Friday, August 12, 2005

Calypso Harry, Meet Calypso Louis

On Monday we were reminded that Harry Belefonte hates whites, conservatives, and any of his own racial classification that don't share those sentiments. Today, we learn that he bears a striking rhetorical resemblance to another loopy, bigoted black celebrity, Nation of Islam kingpin Louis Farrakhan:

Entertainer/activist Harry Belafonte has retracted some of the controversial comments he made at a civil rights march in Atlanta regarding Jews working for Hitler, but his retraction may have created even more controversy for the singer.

During an interview with Cybercast News Service at the August 7 march, Belafonte asserted that Adolf Hitler's regime in Germany included Jews and that blacks working in the Bush Administration should be compared to Jews working for Hitler.

"Hitler had a lot of Jews high up in the hierarchy of the Third Reich," Belafonte said on Saturday. He went on to label African-Americans working in the Bush Administration as "tyrants."

On Wednesday, Belafonte told the Jerusalem Post, "I do regret the sentence was not structured more accurately." He added, "I, too, agree that Jews weren't 'high up.'"


Okay, he corrected the flagrant historical error. But this "retraction," as such, is, shall we say, "Durbinesque." And there's no retraction of or apology for the rest of his racist, anti-Republican rant.

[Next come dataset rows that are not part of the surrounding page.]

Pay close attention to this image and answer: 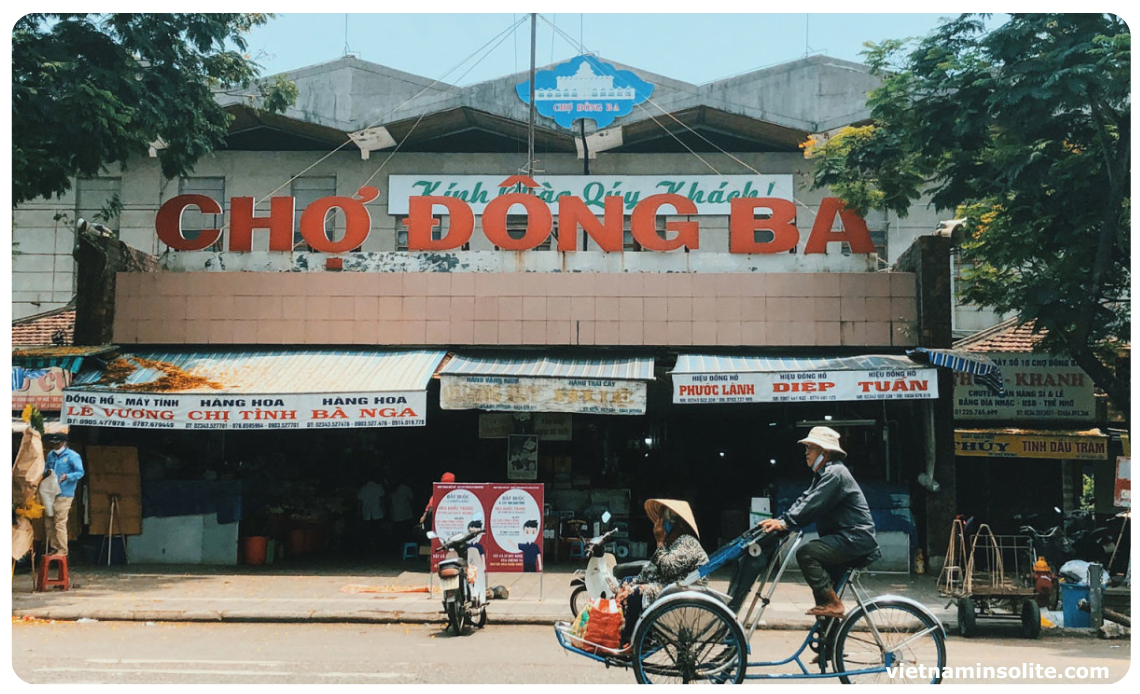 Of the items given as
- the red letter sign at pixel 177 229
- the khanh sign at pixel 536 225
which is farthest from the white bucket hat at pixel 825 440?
the red letter sign at pixel 177 229

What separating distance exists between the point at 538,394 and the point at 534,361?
1170 millimetres

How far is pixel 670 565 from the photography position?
712 centimetres

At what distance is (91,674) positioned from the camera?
741 cm

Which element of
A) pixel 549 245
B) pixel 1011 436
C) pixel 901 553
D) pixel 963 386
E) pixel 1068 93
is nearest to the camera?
pixel 1068 93

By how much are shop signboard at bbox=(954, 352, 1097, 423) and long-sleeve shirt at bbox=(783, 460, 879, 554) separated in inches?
441

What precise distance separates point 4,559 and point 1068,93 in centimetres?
1176

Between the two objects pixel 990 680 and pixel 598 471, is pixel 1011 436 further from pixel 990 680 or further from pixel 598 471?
pixel 990 680

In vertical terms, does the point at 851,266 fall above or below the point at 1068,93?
below

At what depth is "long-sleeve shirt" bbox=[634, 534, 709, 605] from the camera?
23.2ft

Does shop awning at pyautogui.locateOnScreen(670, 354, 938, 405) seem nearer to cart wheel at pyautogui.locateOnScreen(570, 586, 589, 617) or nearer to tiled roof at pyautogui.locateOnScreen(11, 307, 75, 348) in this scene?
cart wheel at pyautogui.locateOnScreen(570, 586, 589, 617)

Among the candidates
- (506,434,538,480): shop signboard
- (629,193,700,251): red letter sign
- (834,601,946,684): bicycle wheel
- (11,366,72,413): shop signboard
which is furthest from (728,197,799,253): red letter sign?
(11,366,72,413): shop signboard

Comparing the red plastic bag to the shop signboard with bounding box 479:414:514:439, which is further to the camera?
the shop signboard with bounding box 479:414:514:439

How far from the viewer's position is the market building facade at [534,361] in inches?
520

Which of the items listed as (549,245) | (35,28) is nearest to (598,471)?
(549,245) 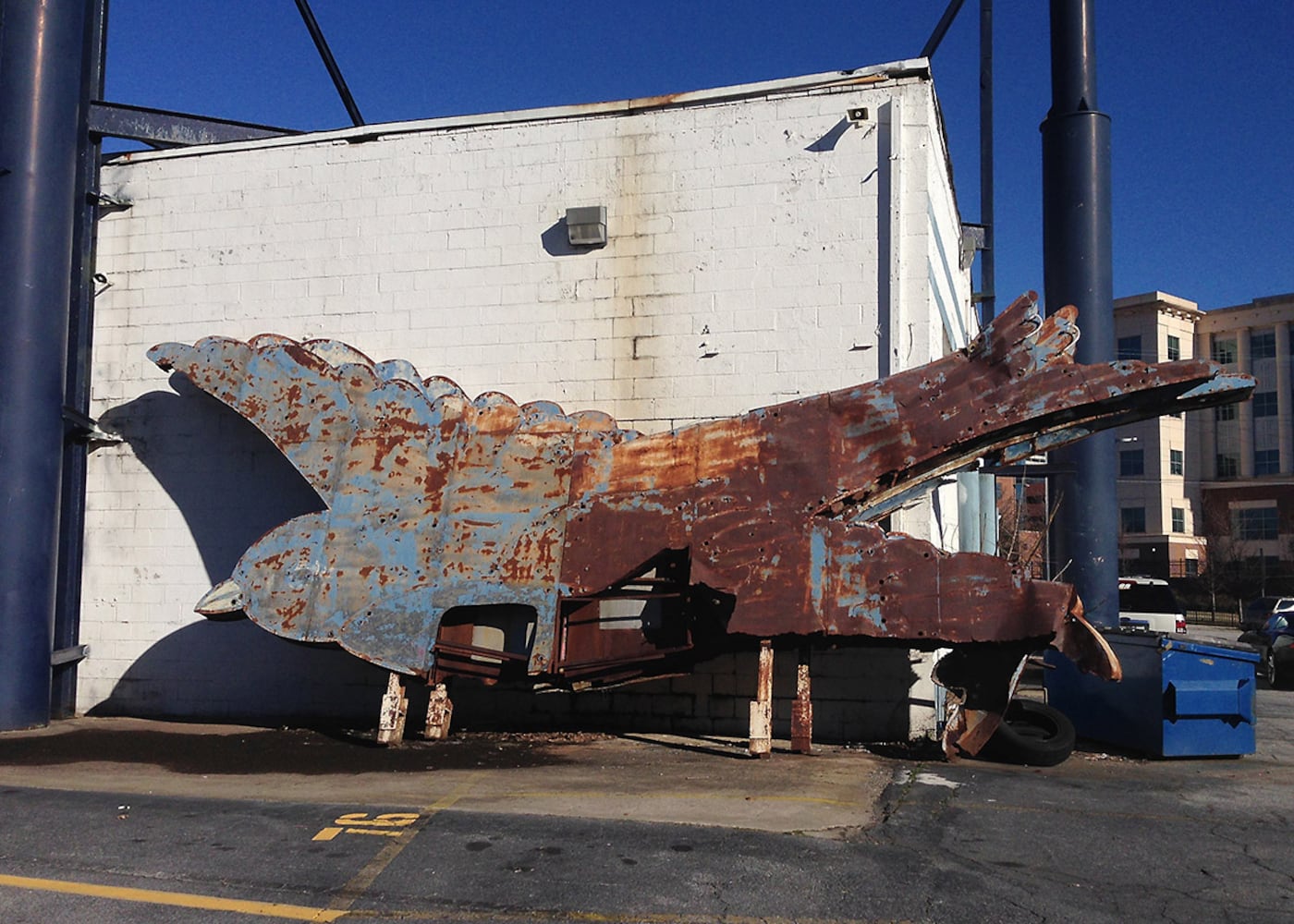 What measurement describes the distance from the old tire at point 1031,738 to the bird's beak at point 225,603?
6.39 metres

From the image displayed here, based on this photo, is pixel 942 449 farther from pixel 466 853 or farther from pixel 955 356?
pixel 466 853

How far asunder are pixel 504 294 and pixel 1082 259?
7.64 m

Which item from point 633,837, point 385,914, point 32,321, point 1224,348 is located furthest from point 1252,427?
point 385,914

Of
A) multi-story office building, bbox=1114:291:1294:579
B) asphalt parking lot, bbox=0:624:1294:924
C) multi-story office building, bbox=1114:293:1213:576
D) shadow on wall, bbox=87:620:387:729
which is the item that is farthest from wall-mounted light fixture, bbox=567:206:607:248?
multi-story office building, bbox=1114:291:1294:579

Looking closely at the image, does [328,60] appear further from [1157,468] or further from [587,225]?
[1157,468]

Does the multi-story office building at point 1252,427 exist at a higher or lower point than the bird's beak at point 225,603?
higher

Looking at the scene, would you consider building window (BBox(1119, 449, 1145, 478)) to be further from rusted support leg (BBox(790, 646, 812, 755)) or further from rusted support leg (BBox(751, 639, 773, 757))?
rusted support leg (BBox(751, 639, 773, 757))

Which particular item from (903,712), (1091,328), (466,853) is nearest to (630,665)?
(903,712)

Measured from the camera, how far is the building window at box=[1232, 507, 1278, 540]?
2029 inches

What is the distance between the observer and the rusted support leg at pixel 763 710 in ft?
28.6

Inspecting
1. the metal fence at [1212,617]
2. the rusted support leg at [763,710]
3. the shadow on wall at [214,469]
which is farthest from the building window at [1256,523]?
the shadow on wall at [214,469]

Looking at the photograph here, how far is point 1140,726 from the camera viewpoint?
31.7 ft

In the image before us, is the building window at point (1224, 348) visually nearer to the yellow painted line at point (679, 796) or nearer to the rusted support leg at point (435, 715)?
the rusted support leg at point (435, 715)

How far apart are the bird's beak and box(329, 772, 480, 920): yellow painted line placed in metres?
3.29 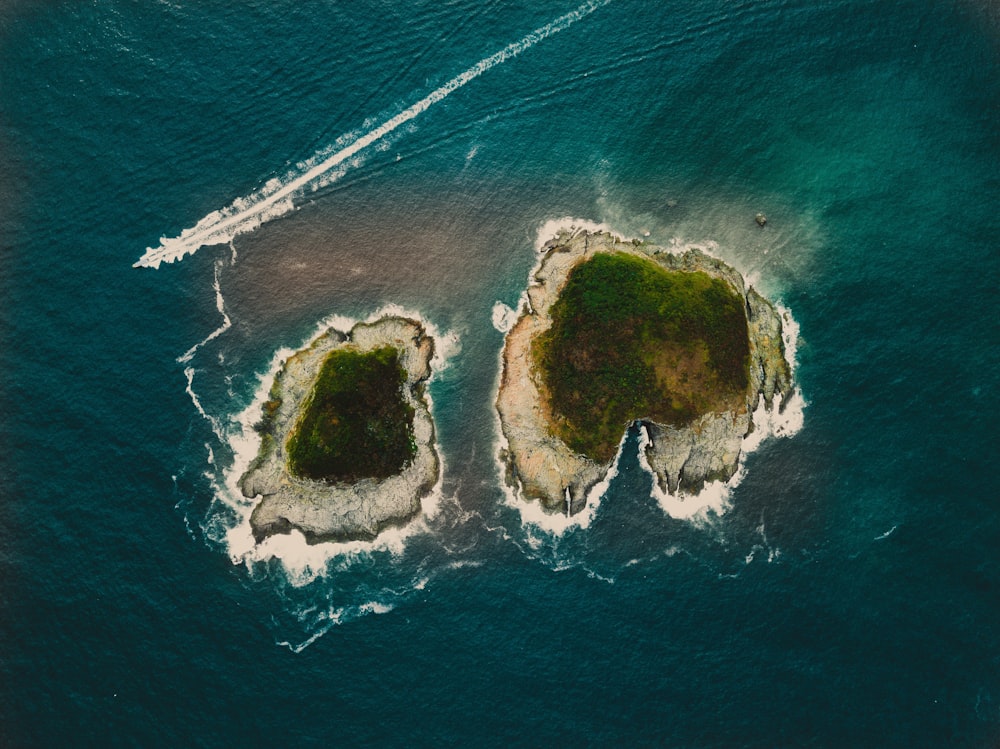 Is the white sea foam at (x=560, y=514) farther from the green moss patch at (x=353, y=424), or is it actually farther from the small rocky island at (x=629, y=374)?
the green moss patch at (x=353, y=424)

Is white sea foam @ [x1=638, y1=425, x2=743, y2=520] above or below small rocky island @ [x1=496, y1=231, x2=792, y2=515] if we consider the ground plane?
below

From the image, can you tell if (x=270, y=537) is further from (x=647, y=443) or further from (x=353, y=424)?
(x=647, y=443)

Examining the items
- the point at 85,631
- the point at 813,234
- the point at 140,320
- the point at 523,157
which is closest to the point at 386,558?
the point at 85,631

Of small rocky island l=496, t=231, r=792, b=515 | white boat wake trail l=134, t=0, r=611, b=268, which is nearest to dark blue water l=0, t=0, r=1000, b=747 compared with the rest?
white boat wake trail l=134, t=0, r=611, b=268

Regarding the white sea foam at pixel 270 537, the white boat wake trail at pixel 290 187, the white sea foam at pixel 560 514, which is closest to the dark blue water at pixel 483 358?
the white sea foam at pixel 270 537

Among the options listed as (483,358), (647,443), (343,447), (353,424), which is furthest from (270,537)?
(647,443)

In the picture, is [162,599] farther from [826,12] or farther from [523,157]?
[826,12]

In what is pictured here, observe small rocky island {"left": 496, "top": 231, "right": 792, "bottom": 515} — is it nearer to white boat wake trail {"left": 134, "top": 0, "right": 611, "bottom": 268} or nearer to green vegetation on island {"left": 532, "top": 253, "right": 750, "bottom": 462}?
green vegetation on island {"left": 532, "top": 253, "right": 750, "bottom": 462} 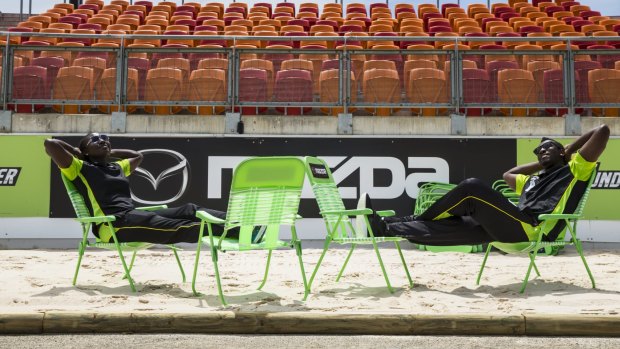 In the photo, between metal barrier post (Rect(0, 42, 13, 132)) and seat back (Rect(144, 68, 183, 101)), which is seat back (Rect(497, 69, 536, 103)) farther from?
metal barrier post (Rect(0, 42, 13, 132))

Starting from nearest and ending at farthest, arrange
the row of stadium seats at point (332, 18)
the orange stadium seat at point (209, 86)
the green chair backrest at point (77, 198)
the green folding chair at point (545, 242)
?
1. the green folding chair at point (545, 242)
2. the green chair backrest at point (77, 198)
3. the orange stadium seat at point (209, 86)
4. the row of stadium seats at point (332, 18)

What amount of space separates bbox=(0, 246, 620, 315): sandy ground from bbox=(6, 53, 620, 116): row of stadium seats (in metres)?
2.48

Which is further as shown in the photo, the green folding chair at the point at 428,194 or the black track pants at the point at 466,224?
the green folding chair at the point at 428,194

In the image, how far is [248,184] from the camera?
5430 mm

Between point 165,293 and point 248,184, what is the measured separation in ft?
3.81

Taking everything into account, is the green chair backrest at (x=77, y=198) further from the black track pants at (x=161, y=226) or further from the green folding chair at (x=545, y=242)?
the green folding chair at (x=545, y=242)

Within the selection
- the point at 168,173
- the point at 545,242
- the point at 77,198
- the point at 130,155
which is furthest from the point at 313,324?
the point at 168,173

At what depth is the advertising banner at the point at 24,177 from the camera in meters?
9.26

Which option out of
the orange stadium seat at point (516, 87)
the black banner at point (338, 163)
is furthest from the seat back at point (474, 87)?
the black banner at point (338, 163)

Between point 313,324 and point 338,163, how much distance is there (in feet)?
17.5

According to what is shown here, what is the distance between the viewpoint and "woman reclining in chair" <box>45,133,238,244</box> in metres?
5.73

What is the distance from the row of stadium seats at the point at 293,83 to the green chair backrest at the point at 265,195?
456 cm

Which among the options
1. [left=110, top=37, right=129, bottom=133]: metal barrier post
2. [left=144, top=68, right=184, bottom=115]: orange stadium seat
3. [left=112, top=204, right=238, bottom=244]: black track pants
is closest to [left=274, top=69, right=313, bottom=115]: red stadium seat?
[left=144, top=68, right=184, bottom=115]: orange stadium seat

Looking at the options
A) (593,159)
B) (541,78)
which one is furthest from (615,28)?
(593,159) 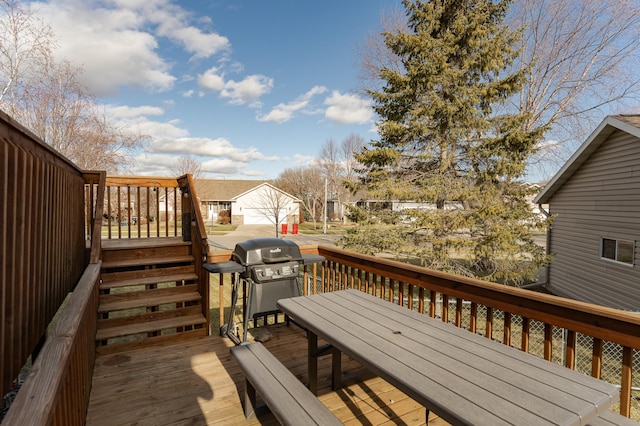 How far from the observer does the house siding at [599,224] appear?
6.86m

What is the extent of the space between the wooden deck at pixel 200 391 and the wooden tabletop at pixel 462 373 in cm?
73

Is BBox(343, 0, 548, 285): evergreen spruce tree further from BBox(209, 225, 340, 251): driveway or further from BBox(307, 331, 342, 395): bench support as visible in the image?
BBox(209, 225, 340, 251): driveway

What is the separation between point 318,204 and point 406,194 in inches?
1086

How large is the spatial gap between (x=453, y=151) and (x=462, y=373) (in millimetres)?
8375

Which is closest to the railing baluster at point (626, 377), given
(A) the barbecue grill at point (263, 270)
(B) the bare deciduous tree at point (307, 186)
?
(A) the barbecue grill at point (263, 270)

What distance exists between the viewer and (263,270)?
323 cm

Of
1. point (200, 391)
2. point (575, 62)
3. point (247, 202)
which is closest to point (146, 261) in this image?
point (200, 391)

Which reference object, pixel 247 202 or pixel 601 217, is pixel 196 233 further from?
pixel 247 202

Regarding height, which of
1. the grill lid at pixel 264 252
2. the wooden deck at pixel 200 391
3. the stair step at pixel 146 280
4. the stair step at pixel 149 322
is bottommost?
the wooden deck at pixel 200 391

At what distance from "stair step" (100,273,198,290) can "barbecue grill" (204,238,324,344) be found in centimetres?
85

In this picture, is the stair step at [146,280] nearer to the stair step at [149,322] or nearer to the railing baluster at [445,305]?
the stair step at [149,322]

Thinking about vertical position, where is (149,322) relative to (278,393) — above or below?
below

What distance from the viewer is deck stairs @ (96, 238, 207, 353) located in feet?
11.1

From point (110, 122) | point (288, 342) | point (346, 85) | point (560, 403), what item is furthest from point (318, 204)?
point (560, 403) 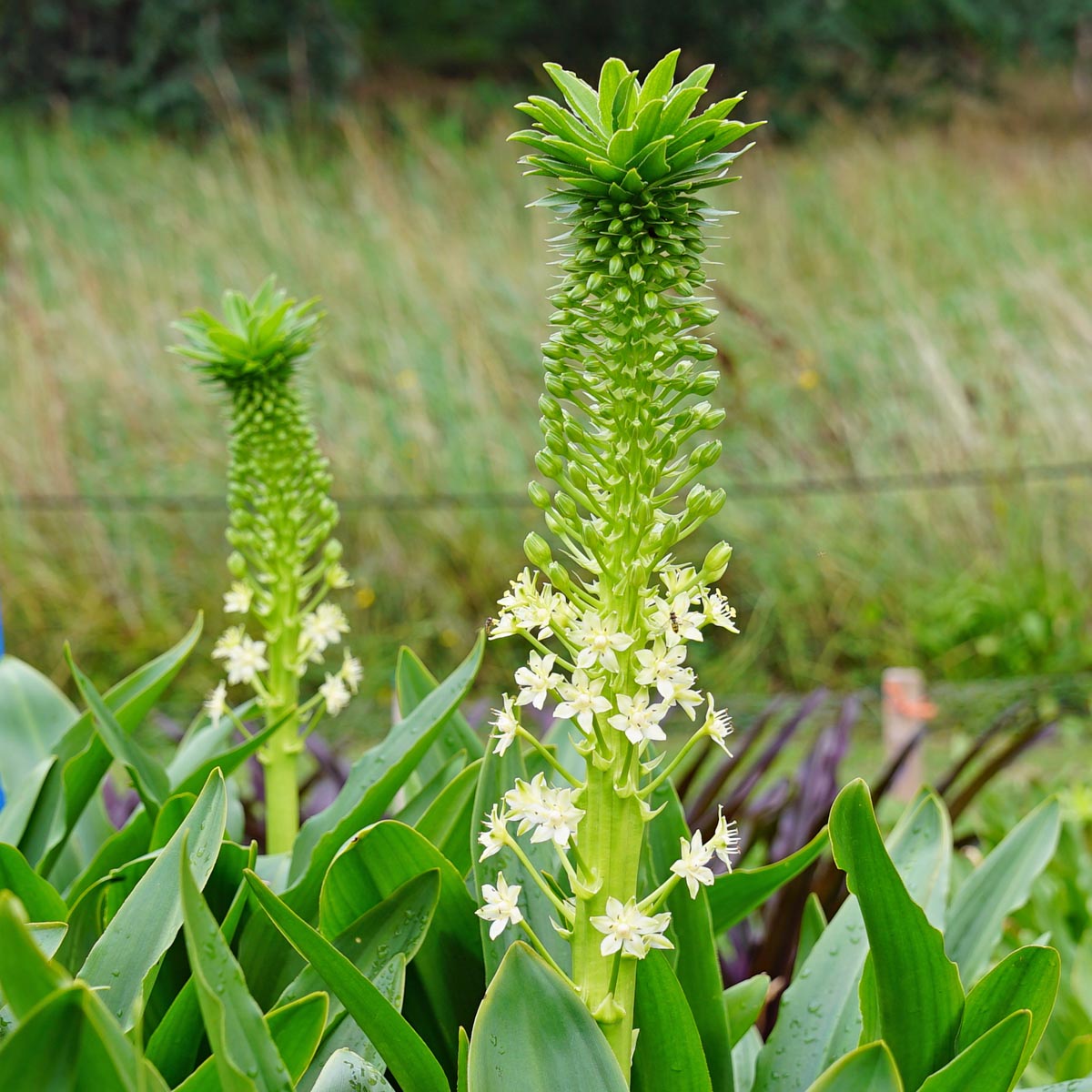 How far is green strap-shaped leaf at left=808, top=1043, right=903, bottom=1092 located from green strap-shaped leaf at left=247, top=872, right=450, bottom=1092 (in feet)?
1.13

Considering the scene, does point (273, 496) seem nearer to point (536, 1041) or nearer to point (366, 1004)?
point (366, 1004)

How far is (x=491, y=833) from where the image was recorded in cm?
112

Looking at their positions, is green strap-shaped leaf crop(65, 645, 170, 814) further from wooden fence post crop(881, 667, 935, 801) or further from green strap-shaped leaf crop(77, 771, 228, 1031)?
wooden fence post crop(881, 667, 935, 801)

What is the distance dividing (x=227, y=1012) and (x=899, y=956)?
2.04ft

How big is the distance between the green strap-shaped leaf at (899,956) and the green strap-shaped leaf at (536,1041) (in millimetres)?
286

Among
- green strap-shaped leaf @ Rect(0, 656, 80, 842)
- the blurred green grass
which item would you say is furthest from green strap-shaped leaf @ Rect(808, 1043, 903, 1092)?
the blurred green grass

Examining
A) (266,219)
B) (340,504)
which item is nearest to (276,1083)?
(340,504)

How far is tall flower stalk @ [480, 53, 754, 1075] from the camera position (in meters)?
1.07

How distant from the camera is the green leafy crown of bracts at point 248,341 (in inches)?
66.0

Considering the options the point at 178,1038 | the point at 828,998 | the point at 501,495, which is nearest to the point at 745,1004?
the point at 828,998

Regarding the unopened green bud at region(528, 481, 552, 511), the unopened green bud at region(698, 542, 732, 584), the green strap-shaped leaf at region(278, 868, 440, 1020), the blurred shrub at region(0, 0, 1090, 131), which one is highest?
the blurred shrub at region(0, 0, 1090, 131)

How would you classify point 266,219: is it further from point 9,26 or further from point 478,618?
point 9,26

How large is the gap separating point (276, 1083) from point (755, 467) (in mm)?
5017

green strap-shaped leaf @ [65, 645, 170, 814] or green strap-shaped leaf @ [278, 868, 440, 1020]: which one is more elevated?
green strap-shaped leaf @ [65, 645, 170, 814] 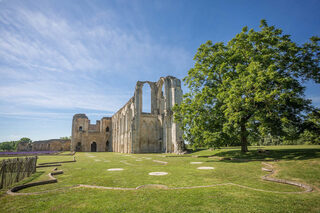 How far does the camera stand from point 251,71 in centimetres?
1270

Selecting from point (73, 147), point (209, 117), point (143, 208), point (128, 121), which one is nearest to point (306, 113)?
point (209, 117)

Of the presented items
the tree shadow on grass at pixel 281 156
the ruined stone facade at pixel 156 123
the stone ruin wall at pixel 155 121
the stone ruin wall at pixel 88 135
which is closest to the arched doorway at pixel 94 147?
the stone ruin wall at pixel 88 135

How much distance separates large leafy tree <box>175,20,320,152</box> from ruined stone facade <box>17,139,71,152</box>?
5629 cm

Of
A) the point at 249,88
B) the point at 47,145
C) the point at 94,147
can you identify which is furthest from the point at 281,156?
the point at 47,145

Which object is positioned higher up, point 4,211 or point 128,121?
point 128,121

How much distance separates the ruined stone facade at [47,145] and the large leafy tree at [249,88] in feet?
185

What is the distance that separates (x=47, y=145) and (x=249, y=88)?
6526 cm

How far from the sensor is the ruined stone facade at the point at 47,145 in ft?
194

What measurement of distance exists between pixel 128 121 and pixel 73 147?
88.8 ft

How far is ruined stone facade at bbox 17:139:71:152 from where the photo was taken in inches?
2333

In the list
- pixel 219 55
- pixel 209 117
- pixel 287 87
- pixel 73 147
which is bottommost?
pixel 73 147

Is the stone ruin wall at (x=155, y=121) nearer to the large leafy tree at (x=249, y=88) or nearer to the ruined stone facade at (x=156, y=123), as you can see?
the ruined stone facade at (x=156, y=123)

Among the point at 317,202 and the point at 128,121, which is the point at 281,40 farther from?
the point at 128,121

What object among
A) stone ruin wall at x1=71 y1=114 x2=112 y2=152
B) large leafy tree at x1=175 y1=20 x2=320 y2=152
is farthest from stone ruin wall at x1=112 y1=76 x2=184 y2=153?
stone ruin wall at x1=71 y1=114 x2=112 y2=152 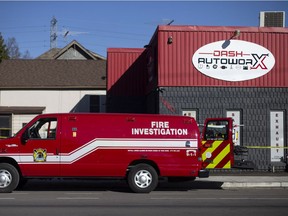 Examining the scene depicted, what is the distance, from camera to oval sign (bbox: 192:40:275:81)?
64.1 ft

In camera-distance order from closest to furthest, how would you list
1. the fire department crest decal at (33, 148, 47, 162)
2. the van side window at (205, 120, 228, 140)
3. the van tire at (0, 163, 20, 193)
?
the van tire at (0, 163, 20, 193) < the fire department crest decal at (33, 148, 47, 162) < the van side window at (205, 120, 228, 140)

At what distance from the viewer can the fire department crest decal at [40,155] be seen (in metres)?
13.1

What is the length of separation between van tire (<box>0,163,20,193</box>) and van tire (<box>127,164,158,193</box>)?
119 inches

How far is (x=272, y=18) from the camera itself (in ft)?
73.5

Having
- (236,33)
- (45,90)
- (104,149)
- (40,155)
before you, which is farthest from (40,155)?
(45,90)

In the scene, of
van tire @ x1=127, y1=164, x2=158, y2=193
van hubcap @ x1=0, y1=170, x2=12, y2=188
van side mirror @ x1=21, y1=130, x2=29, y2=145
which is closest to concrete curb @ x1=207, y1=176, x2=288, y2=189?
van tire @ x1=127, y1=164, x2=158, y2=193

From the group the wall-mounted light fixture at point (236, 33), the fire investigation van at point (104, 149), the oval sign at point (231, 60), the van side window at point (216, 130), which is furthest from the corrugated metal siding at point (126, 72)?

Still, if he'd stopped there, he wouldn't have dug himself in deeper.

But he didn't stop:

But Belafonte's interview with the Jerusalem Post on Wednesday, which included the assertion that Jews claim "a high and pure morality," has caused more controversy and more demands for apologies.

"The point was not to attack Jews," Belafonte told the Jerusalem Post. "Sometimes, the Jewish people have laid claim to such a high and pure morality" that they react defensively when attacked. But the history of Jewish people "is a DNA that sits within the entire human family," Belafonte said.

In other words, Jews are too sensitive to historically illiterate allusions that they cooperated in their own genocide sixty-plus years ago, and the unspoken implication that the Israelis of today are carrying on that "Nazi tradition." But they can't help "laying claim" to "such a high and pure morality" of which they, by another unspoken implication, are patently unworthy because they're white AND "neocon," and, heck, what else can you expect from "tyrants"?

That's the paraphrase - here's the direct quote:

"I can understand why Jewish leaders would be prone to protect the image of George Bush and his Administration," Belafonte told the Post, noting that the President supports Israel "even when there are questions of the humanitarian, the moral and the political [motivation] of things that are done to Palestinians."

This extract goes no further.